*INSTRUCTIONS TO FOLLOW*: Pictures left aside, return the lines below exactly, from the one with "Earl Clements Flared" to the end, including both ends.

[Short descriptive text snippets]
===============

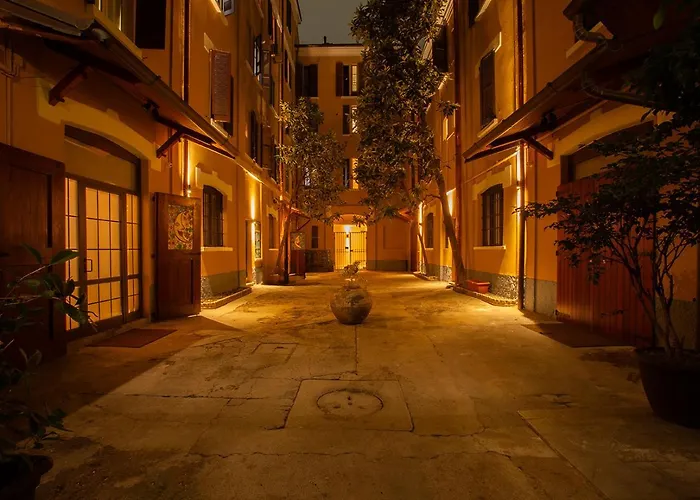 Emme Loft I Blue Moon - Elegant Luxury Loft *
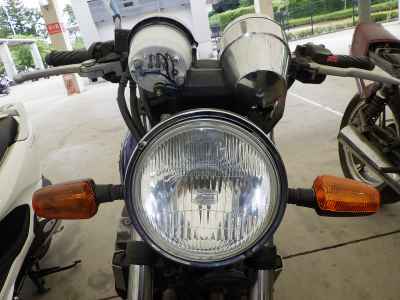 Yamaha XJR400 1993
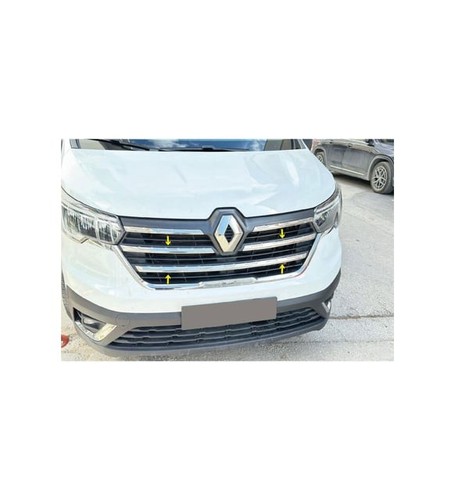 Adatto per renault trafic 2022 - renault,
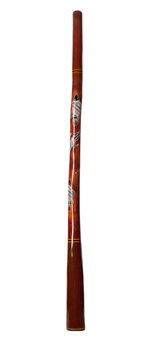 Earl Clements Flared  Didgeridoo (EC191)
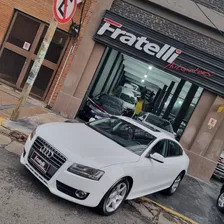 Audi A5 2.0 Tfsi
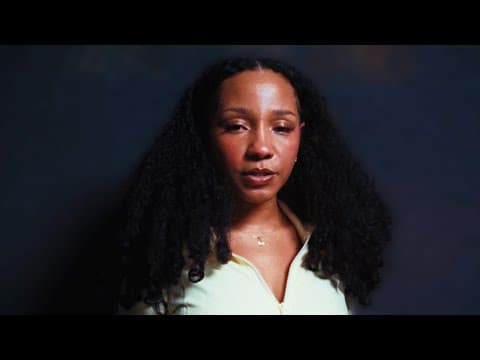 Aicha Therese - Style & Flow Performance | Music Militia | Music Militia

===============

*ANSWER SPACE*:
 Earl Clements Flared  Didgeridoo (EC191)
 Audi A5 2.0 Tfsi
 Aicha Therese - Style & Flow Performance | Music Militia | Music Militia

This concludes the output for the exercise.